— What you have to do —
Starting with the opening line of the entries below, transcribe each line exactly up to and including the one that has "Sobha Neopolis Varthur"; pictures are not copied.

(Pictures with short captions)
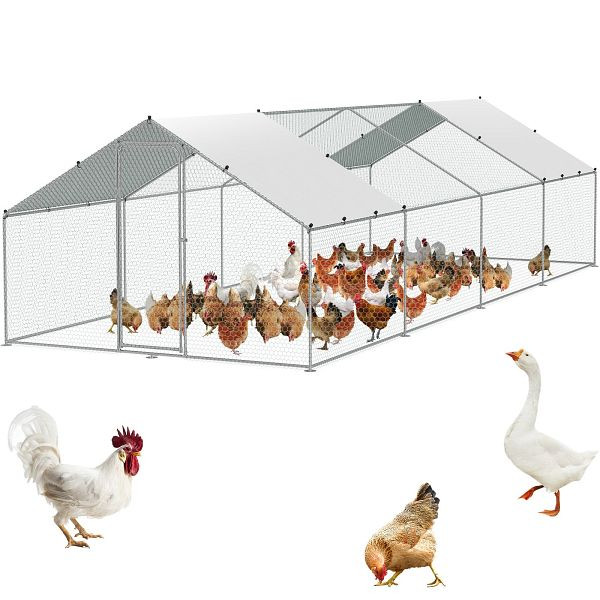 VEVOR Hühnerstall, 3,9 x 7,8 x 2,0 m, begehbar für den Hof mit Abdeckung, mit Turmdach und Sicherheitsschloss für Hinterhof, Bauernhof, BRSJP8X3X2MJ5OMW8V0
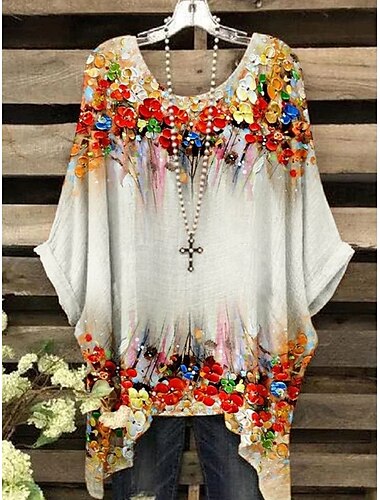  Damen Bluse Grafik Geometrisch Abstrakt Vintage Täglich Lässig Halbarm Fledermaus Ärmel Rundhalsausschnitt Normale Oberteile Täglich Ferien Strandbekleidung Asymmetrisch Weiß Gelb Rote Sommer Frühling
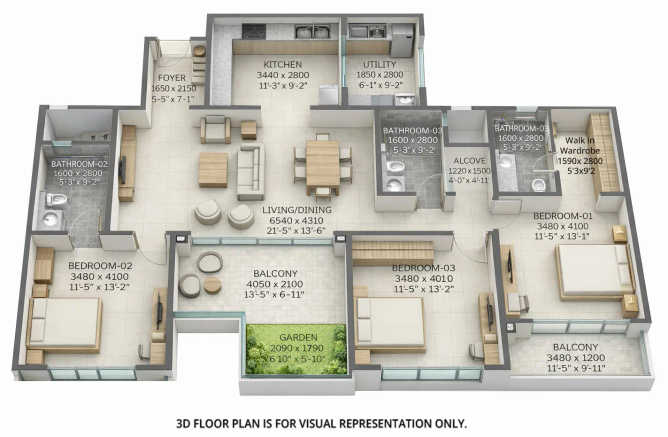 Sobha Neopolis Varthur - Floor plan 3 BHK 1915 Sq.ft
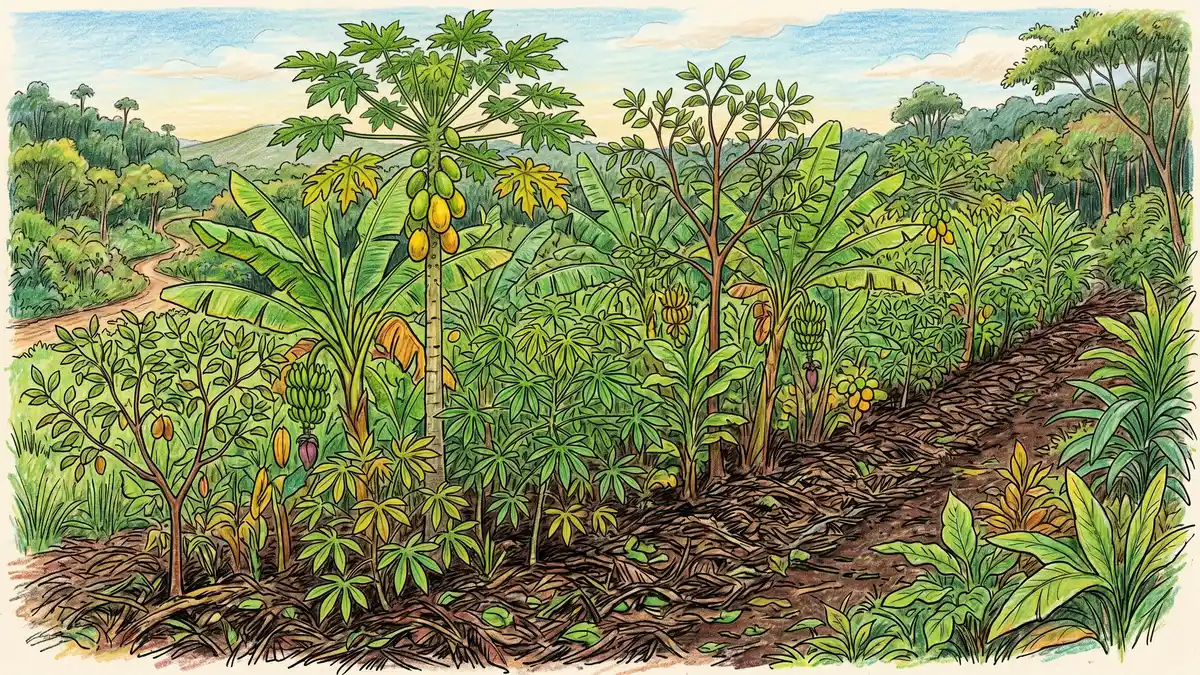 An Ernst Gotsch style densely planted syntropic agroforestry row with banana plants, papaya, cassava, and young Inga edulis trees in a single dense line with thick chop-and-drop mulch on the ground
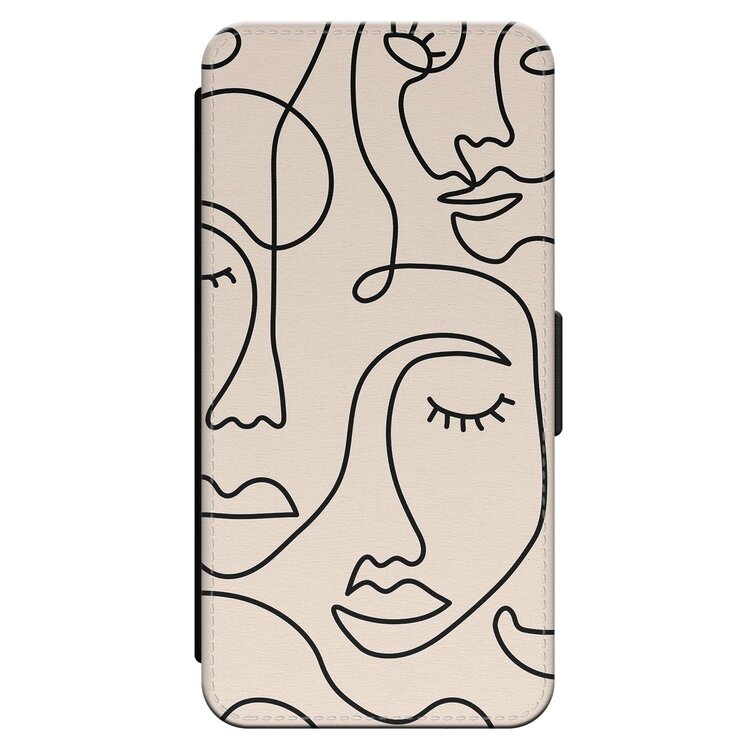 Leuke Telefoonhoesjes iPhone 13 Pro Max bookcase leer - Abstract faces
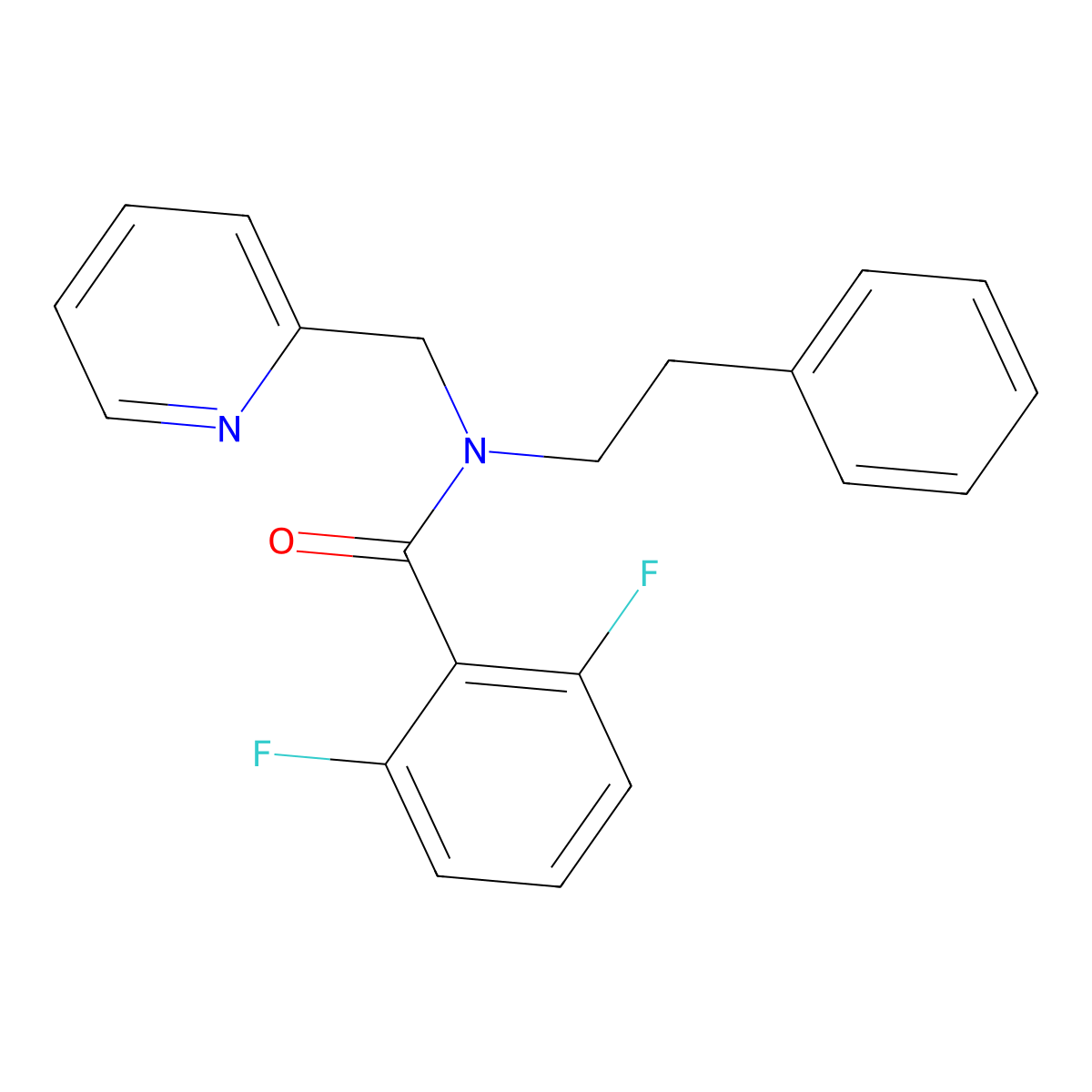 2,6-difluoro-N-phenethyl-N-(pyridin-2-ylmethyl)benzamide molecular structure, CAS 1286714-16-6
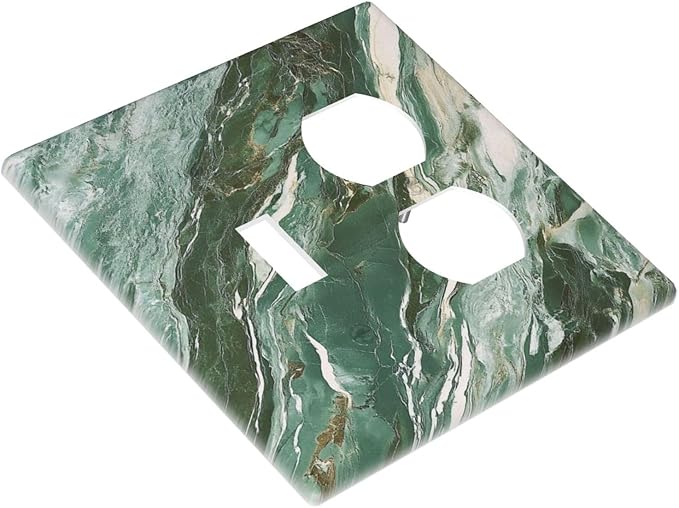 Decorative Switch Cover Plate with Modern Luxury Green Marble Texture Design Toggle Duplex Wall Plate 2 Gang Light Switch Cover Outlet Covers for Kitchen Bathroom Decor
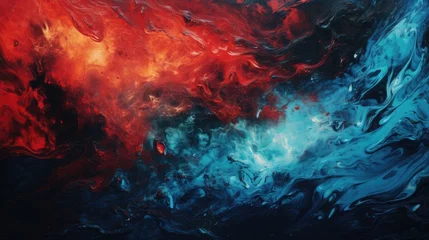 Deurstickers fiery red and cool blue abstract collision. high-quality image for dynamic wall art, creative backgrounds, and bold graphic designs © StraSyP BG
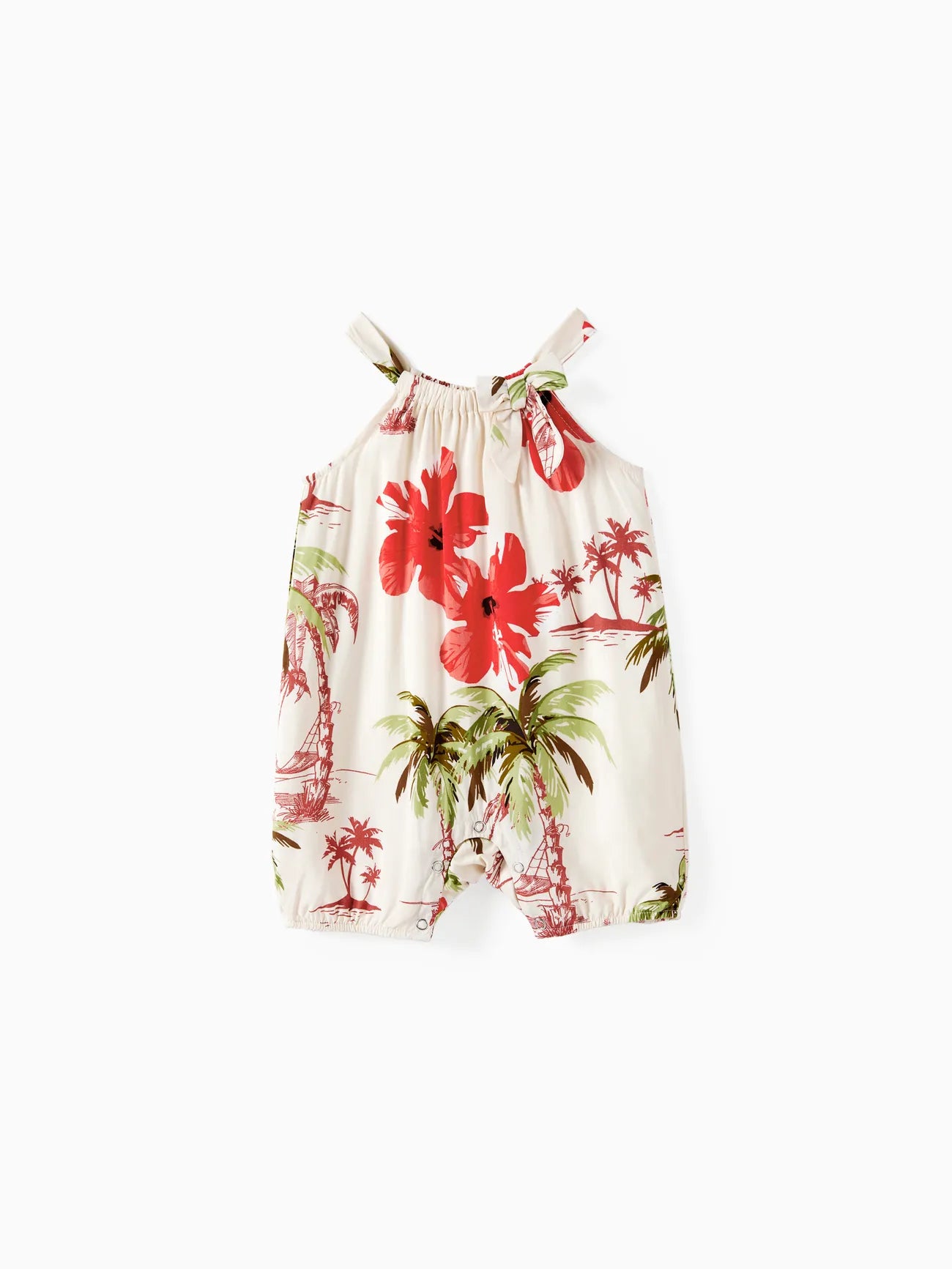 Tropical Family Matching Fashion Collection Palm And Hibiscus Printed Attire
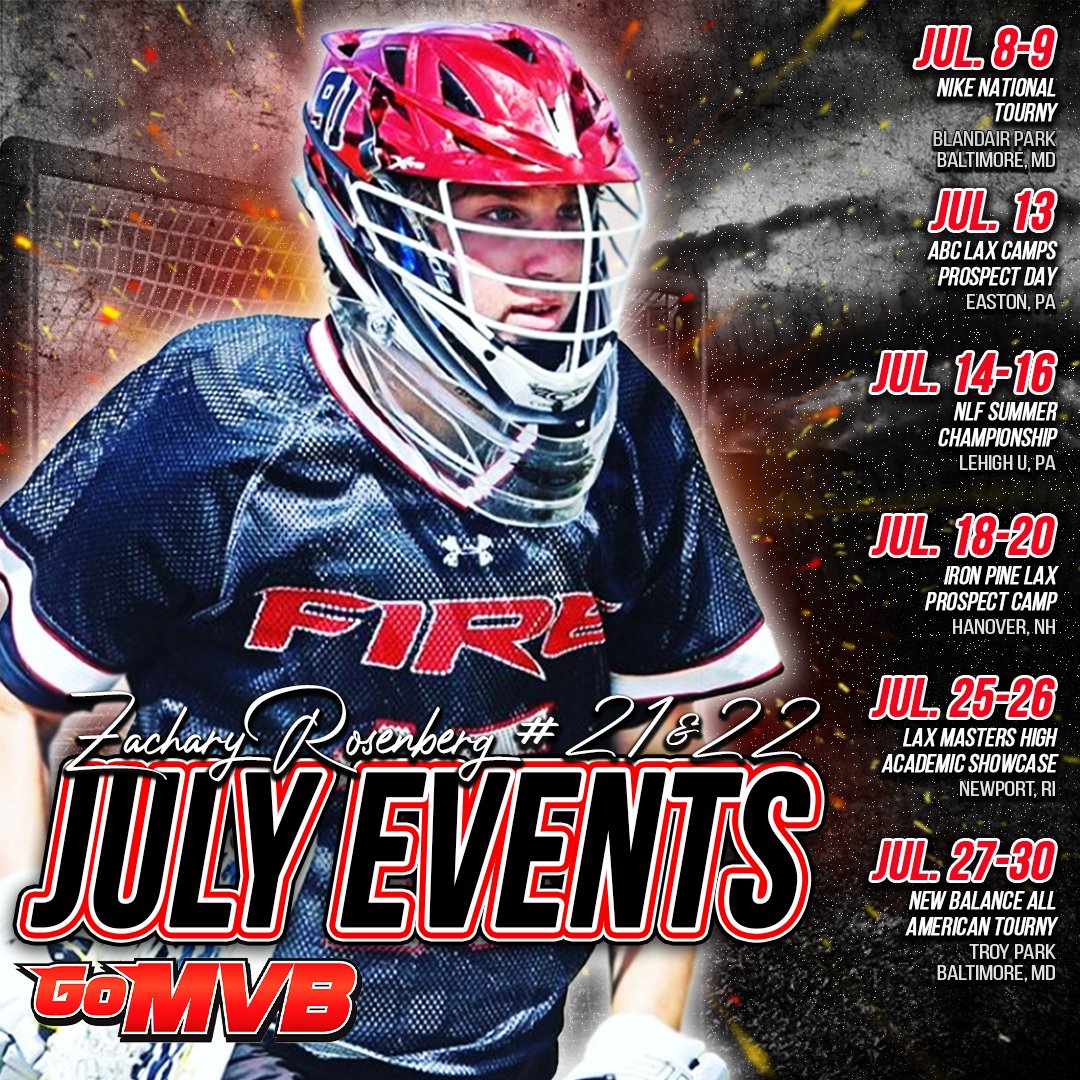 Zachary Rosenberg will be competing at 6 events this July!!
'25 Goalie
Team 91 MD Fire 25
St. Thomas Aquinas HS, FL
More Info: gomvblax.com/zacharyrosenbe…
Follow: <a href="/zachrosenberg21/">Zach Rosenberg</a>

#gomvb #hslacrosse #athlete #collegerecruit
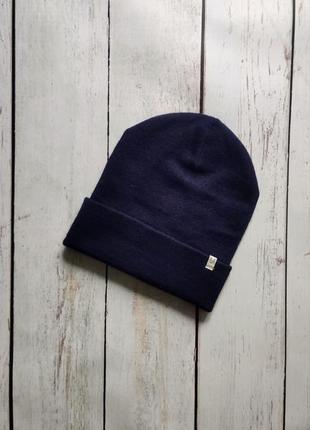 Шапка трикотажная crew clothing company, темная синяя шапка crew, демисезонная шапка синяя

— Solution —
 VEVOR Hühnerstall, 3,9 x 7,8 x 2,0 m, begehbar für den Hof mit Abdeckung, mit Turmdach und Sicherheitsschloss für Hinterhof, Bauernhof, BRSJP8X3X2MJ5OMW8V0
  Damen Bluse Grafik Geometrisch Abstrakt Vintage Täglich Lässig Halbarm Fledermaus Ärmel Rundhalsausschnitt Normale Oberteile Täglich Ferien Strandbekleidung Asymmetrisch Weiß Gelb Rote Sommer Frühling
 Sobha Neopolis Varthur - Floor plan 3 BHK 1915 Sq.ft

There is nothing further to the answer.